## [ABOUT THIS EXERCISE]
Write only how many lines in this data include "Print".

Caption-style text data:
---------------

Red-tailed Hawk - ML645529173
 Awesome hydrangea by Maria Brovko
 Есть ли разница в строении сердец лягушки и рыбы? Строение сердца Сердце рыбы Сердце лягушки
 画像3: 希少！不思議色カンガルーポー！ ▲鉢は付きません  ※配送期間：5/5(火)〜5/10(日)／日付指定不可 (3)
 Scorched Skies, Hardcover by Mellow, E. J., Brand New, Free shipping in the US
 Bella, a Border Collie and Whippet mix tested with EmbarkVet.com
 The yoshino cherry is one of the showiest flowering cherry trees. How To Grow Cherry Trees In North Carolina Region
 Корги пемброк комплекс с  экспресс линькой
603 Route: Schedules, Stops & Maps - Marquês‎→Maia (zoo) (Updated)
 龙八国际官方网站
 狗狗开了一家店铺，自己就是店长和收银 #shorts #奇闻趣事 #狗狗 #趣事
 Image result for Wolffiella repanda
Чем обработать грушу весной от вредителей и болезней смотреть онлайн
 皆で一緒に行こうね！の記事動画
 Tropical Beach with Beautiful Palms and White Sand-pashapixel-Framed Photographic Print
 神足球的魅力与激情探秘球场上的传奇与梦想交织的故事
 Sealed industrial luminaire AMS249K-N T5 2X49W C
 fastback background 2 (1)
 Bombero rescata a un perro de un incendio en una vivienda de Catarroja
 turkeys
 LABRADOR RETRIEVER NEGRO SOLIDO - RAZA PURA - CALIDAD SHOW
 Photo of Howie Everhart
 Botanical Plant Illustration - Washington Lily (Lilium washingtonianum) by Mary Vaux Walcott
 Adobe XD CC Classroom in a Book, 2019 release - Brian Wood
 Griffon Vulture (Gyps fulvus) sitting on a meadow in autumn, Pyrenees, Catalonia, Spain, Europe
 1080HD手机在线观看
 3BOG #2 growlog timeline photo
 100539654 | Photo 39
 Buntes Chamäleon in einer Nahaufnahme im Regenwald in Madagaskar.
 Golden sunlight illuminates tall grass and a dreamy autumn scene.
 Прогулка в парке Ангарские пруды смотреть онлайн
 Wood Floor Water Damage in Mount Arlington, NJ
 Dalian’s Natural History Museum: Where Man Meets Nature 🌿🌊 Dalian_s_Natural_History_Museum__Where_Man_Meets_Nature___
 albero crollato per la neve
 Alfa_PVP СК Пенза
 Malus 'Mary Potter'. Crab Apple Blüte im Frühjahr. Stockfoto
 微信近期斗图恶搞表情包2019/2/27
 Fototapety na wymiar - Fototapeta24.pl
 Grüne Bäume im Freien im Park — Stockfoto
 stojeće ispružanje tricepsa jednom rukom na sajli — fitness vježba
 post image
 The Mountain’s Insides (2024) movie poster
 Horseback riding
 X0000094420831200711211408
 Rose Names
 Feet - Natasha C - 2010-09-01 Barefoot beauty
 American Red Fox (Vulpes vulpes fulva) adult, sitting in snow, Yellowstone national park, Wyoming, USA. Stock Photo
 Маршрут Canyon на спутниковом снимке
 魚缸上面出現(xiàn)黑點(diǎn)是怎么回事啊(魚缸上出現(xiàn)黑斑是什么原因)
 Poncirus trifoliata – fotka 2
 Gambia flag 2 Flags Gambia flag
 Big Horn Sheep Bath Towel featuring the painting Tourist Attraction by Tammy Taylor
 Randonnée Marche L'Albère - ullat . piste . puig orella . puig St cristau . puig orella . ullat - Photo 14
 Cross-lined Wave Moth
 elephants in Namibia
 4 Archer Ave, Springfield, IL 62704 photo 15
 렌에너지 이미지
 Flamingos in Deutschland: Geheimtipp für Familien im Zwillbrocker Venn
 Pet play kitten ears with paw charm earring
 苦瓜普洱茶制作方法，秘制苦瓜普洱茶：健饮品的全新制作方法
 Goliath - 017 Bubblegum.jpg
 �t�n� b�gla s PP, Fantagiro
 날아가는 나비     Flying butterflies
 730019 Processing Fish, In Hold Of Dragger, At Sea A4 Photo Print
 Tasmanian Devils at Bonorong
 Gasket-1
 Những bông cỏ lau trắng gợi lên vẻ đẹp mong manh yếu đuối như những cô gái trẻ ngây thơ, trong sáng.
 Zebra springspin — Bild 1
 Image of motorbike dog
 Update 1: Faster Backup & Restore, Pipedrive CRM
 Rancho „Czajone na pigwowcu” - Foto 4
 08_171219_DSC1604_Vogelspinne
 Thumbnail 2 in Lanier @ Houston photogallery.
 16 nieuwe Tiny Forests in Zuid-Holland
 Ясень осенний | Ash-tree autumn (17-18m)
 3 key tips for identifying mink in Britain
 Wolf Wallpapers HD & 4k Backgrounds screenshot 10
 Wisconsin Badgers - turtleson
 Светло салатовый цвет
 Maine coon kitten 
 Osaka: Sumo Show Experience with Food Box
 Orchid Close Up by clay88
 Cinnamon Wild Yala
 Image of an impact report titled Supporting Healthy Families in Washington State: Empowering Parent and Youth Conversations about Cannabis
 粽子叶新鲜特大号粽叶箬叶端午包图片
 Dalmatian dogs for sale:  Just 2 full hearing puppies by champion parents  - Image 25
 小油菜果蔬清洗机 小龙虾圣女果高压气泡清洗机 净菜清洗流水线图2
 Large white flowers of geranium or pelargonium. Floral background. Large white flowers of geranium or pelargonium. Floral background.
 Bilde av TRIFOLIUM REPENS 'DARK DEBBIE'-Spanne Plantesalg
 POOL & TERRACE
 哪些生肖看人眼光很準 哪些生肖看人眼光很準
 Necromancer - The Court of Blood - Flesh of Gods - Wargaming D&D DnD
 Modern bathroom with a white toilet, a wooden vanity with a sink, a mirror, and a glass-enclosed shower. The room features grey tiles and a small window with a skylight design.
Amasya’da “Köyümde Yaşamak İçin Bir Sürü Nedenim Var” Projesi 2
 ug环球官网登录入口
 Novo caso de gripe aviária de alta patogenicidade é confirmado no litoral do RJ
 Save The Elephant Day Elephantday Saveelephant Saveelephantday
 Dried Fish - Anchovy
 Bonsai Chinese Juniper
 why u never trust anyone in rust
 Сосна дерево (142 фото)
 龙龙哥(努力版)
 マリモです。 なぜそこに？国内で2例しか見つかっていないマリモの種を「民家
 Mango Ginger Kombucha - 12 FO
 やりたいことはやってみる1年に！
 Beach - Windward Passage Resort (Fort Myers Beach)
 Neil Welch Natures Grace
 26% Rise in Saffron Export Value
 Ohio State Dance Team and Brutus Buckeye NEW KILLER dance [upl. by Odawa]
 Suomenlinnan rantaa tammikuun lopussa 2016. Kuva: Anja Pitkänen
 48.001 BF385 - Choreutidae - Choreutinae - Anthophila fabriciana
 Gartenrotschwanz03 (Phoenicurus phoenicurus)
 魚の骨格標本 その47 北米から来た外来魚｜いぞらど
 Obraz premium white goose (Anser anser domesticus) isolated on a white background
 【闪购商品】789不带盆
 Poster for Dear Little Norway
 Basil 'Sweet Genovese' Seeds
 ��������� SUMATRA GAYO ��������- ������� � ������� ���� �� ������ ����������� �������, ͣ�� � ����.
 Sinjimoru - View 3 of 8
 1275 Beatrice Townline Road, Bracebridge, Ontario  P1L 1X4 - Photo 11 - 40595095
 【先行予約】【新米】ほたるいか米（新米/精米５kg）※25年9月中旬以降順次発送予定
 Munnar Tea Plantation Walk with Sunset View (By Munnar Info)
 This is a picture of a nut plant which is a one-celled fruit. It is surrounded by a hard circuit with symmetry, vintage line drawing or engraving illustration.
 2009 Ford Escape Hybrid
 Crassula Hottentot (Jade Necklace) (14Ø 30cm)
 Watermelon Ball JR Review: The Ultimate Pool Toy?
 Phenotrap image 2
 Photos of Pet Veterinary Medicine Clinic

---------------

## [PROBLEM SOLUTION]
2